HL Deb 15 June 1921 vol 45 cc578-87

THE LORD ARCHBISHOP OF CANTERBURY rose to move, "That in accordance with the Church of England Assembly (Powers) Act, 1919, this House do direct that the Parochial Church Councils (Powers) Measure, 1921, be presented to His Majesty for Royal Assent." His Grace said: My Lords, in moving the Resolution which stands in my name, may I explain what the purport of that proposal is? Your Lordships will remember that the Act of 1919, which is popularly called the Enabling Act, lays down specifically in the Constitution appended to it that when the Assembly which the Act constitutes had got into shape, and was doing its work, it should before entering upon any other legislative business, make provision for the self-government of the Church by passing through the Assembly measures— (a) Declaring that the Convocations of Canterbury and York have power, by canon lawfully passed and promulged, to amend the Constitution of the- Lower Houses thereof; (b) conferring upon the parochial church councils constituted under the Schedule to this Constitution such powers as the Assembly may determine. Those duties were laid upon us as obligatory before we proceeded to other work in the Assembly.

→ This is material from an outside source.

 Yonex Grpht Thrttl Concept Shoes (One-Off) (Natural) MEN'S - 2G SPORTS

The first of them, the provision for the Convocations to amend the Constitution of the Lower Houses, has been carried through the Assembly, carried through Parliament, and, the Royal Assent having been obtained to it, the elections under the new system are at this moment in progress and will be completed in the course of the next ten days. That has been an admirably prompt and effective mode of proving the usefulness of the measure passed in 1919. We have now before the House to-night the request, that the House will approve of the action we have taken with regard to the second direction that was given. That is to say, we were to lay down and prescribe the powers conferring upon the parochial church councils constituted under the Act such powers as the Assembly may determine. An immense amount of labour has been devoted to the task of giving effect to that obligation. We debated it at very full length a few months ago in the Assembly, and everybody there followed the matter with the closest attention, such attention as I have never seen paralleled in an Assembly of 700 people. In the end the proposals, which are embodied in the measure which was accordingly drawn up, were agreed to with practical unanimity.

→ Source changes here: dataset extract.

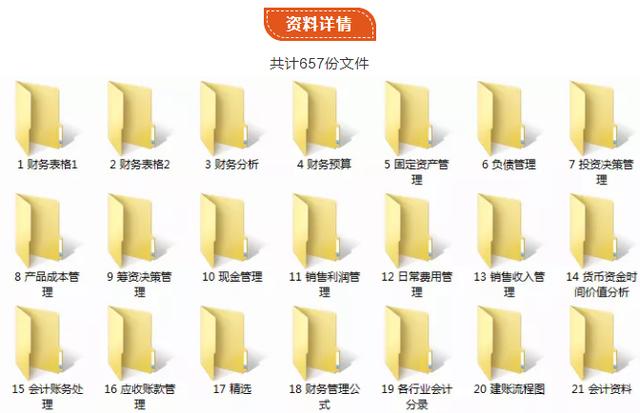 excel所占百分比例怎么算,excel产品所占百分比怎么算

I say "with practical unanimity," because there were two points upon which questions were raised, and each of these has since been the subject of some very wholesome discussion. The first related to the change in regard to the patronage of one or more City livings held under very peculiar conditions indeed, where the patronage lies with the parishioners or with feoffees on behalf of the parish. The proposals which we make, covering as they do England as a whole, transfer these powers to the parochial church councils which will be constituted under the Act; that is to say, that those who care about the church and attend it and make use of it are the people with whom the patronage will now rest. That is entirely in accordance with the spirit of the Act. If those who take exception to what we have done, on the ground that they are ratepayers or feoffees who have a right to be considered, are properly qualified, they can obtain all the powers they desire to have by becoming members of the parochial church meeting and then of the parochial church council. There is no difficulty about it, and the objection seems to me, as it seemed to others, to be one which, though not trifling, because it is an important matter locally, is infinitesimal in its character. It affects only two or three of the 14,000 parishes in the whole of England, and I do not think any particular wrong is done.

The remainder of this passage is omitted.